Announce: Graphics Muse Tools V3.0.0B1 - ported to GIMP 2.2.3

I spent last week porting the Graphics Muse Tools to GIMP 2.2.3. All the C plugins work pretty much as with GIMP 1.2 though there are a few minor functional bugs (see the bug page on the web site). There shouldn't be any crashes - at least none that I know of.

I also cleaned out the old gimppreview that I had been using. I now use GdkPixbuf's along with Gimp's builtin thumbnail function that returns a pixbuf. That means GFXLayers is much less weighty - no more carrying around a ton of widgets for the previews. GFXTrans also benefited from this.

I still have to pull out the deprecated features of both GIMP and GTK+, however, which is why this is a Beta release.

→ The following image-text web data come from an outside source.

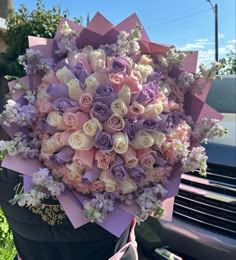 a bunch of flowers that are sitting in the back of a car, with purple and white colors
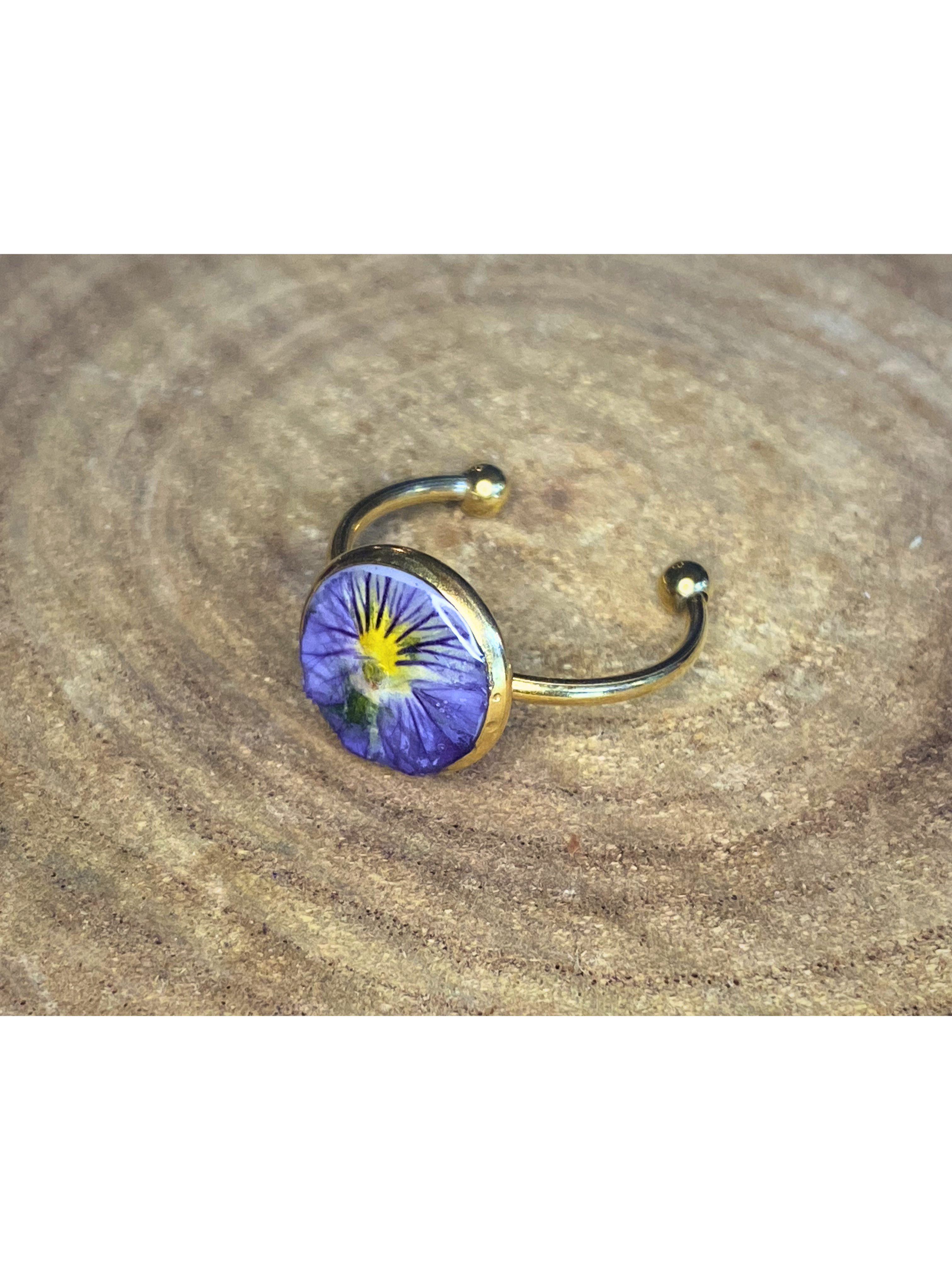 A gold-toned ring with a round bezel setting containing a blue and yellow flower, displayed on a rustic wood surface.
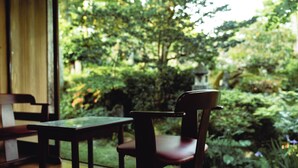 A wooden chair and table inside a room with a view of a lush garden. - Takei Ryokan (Nagano)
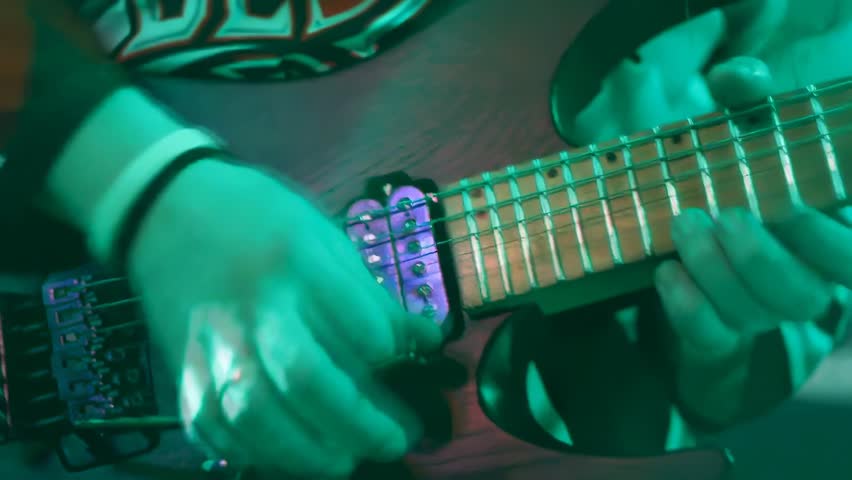 Live band playing very fast metal music. Energetic electric and bass guitar performance on stage. Intense rock music show.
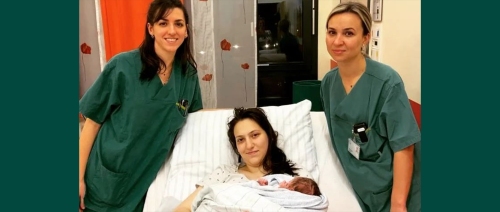 Hebammen stehen am Bett der Mama mit Neujahrsbabys  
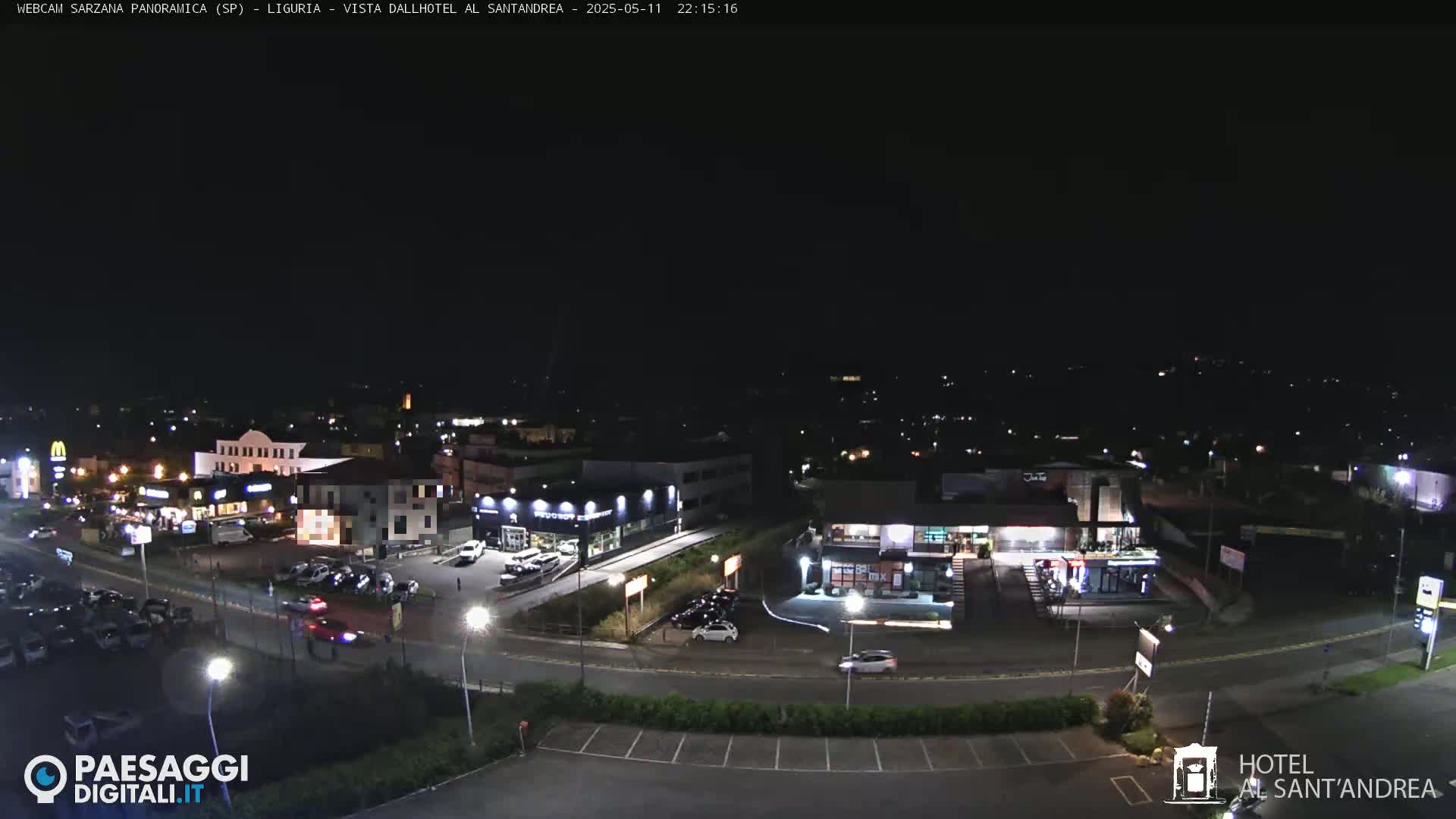 A nighttime aerial view of a parking lot and several illuminated buildings surrounding a roadway.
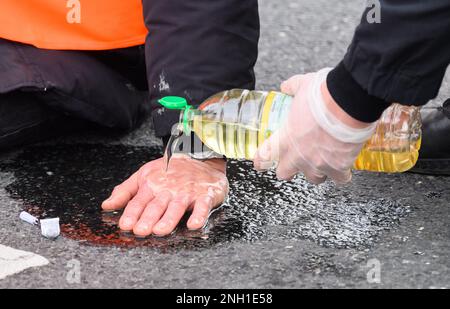 Hannover, Germania. 20th Feb, 2023. Gli agenti di polizia cercano di liberare le mani bloccate degli attivisti del gruppo 'ultima generazione' dalla strada al Deisterkreisel con olio da cucina. Credit: Julian Stratenschulte/dpa/Alamy Live News Foto Stock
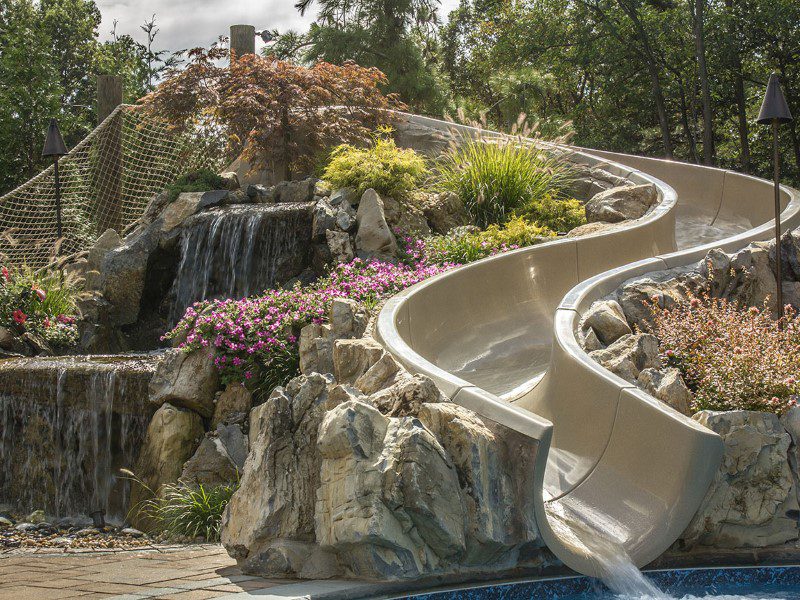 A slide in the middle of a pool with flowers around it.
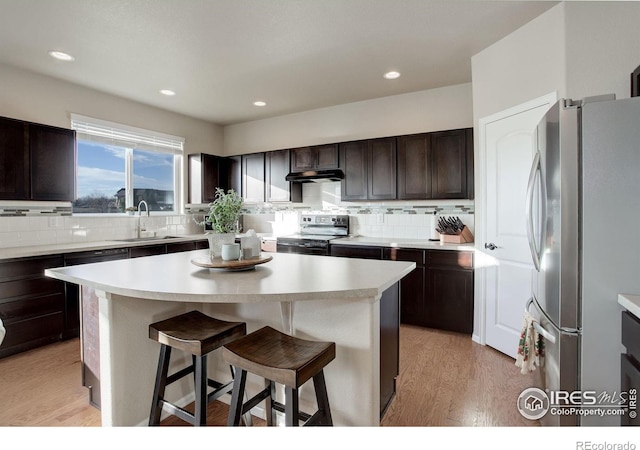 kitchen featuring a breakfast bar, stainless steel appliances, a sink, a kitchen island, and under cabinet range hood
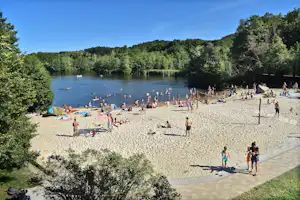 Autokamp Sedmihorky - belebter Badestrand am See mit Volleyballfeld, der See ist umgeben von Wald
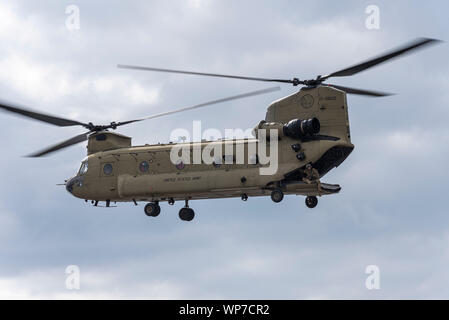 US Army Boeing CH-47F Chinook helicopter landing at Defence & Security Equipment International DSEI arms fair trade show, ExCel, London, UK. Crewman Stock Photo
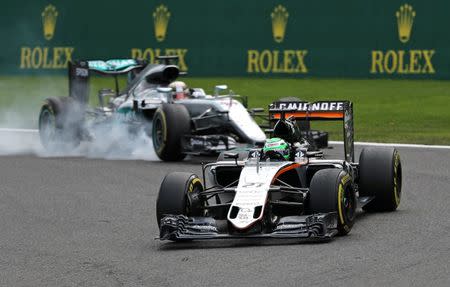 Belgium Formula One - F1 - Belgian Grand Prix 2016 - Francorchamps, Belgium - 28/8/16 - Force India's Nico Hulkenberg of Germany leads the race ahead of Mercedes' Lewis Hamilton of Britain during the Belgian F1 Grand Prix. REUTERS/Yves Herman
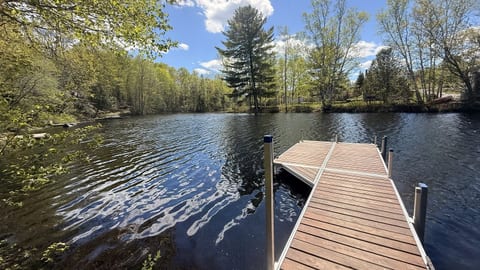 Private 20-foot waterfront dock with space for boats up to 18 feet, making it easy to enjoy boating, fishing, and relaxing on the lake.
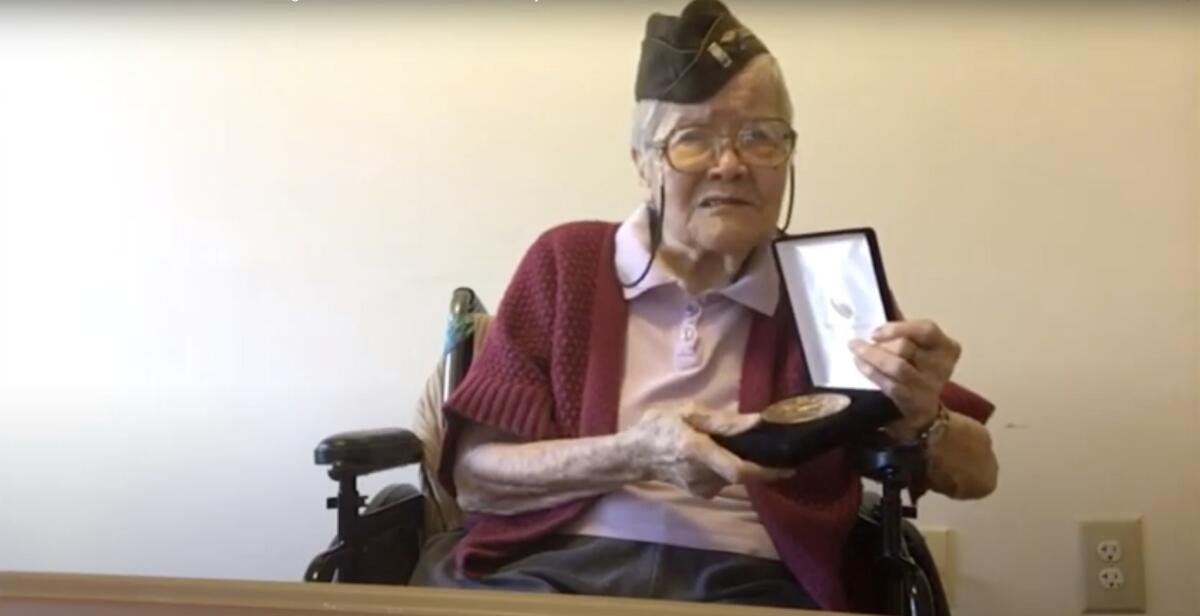 In this image from House Television video, 1st Lt. Elsie Chin Yuen Seetoo, accepts a Congressional Gold Medal during a virtual ceremony broadcast from Capitol Hill in Washington, Wednesday, Dec. 9, 2020. Seventy-five years after World War II ended, Congress is honoring thousands of Chinese Americans who served the United States in the war, earning citations for heroism despite institutional discrimination that included limits on how many Chinese people were allowed in the U.S. Nearly 20,000 people of Chinese ancestry served in the U.S. military during World War II, including about 40 percent who were not U.S. citizens due to laws such as the Chinese Exclusion Act, which made it illegal for Chinese laborers to immigrate to the U.S. and limited the Chinese population in the U.S. for more than 60 years. (House Television via AP)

If anyone wants to try these, you can pull the source code tarball from the web site or check it out of CVS. Source should build on Unix/Linux boxes (but I've only tried it on Linux). I don't have a clue how to build this for Windows or MacOS X (though I'd love to try the latter). http://www.ximba.org/gfxmuse/download.html

Please let me know if you try them and most especially if you find bugs. If you can, please log the bugs in the bug db on the web site.

FYI: these are no longer shareware, they are open source. If anyone wants to work on these just drop me an email and I'll set you up an account on CVS.

Joao S. O. Bueno Calligaris
2005-01-31 17:17:37 UTC (about 19 years ago)

Announce: Graphics Muse Tools V3.0.0B1 - ported to GIMP 2.2.3

Hi!

I will take a look later at them.

I went to the site, and did not find easily a description of what the plug-ins do (althoug I am in a hurry). Can you give us a url?

And...my most profound thank you for converting your shareware into an Open Source application. Really, really really!

Regards,

JS ->

On Monday 31 January 2005 14:04, Michael J. Hammel wrote:

I spent last week porting the Graphics Muse Tools to GIMP 2.2.3. All the C plugins work pretty much as with GIMP 1.2 though there are a few minor functional bugs (see the bug page on the web site). There shouldn't be any crashes - at least none that I know of.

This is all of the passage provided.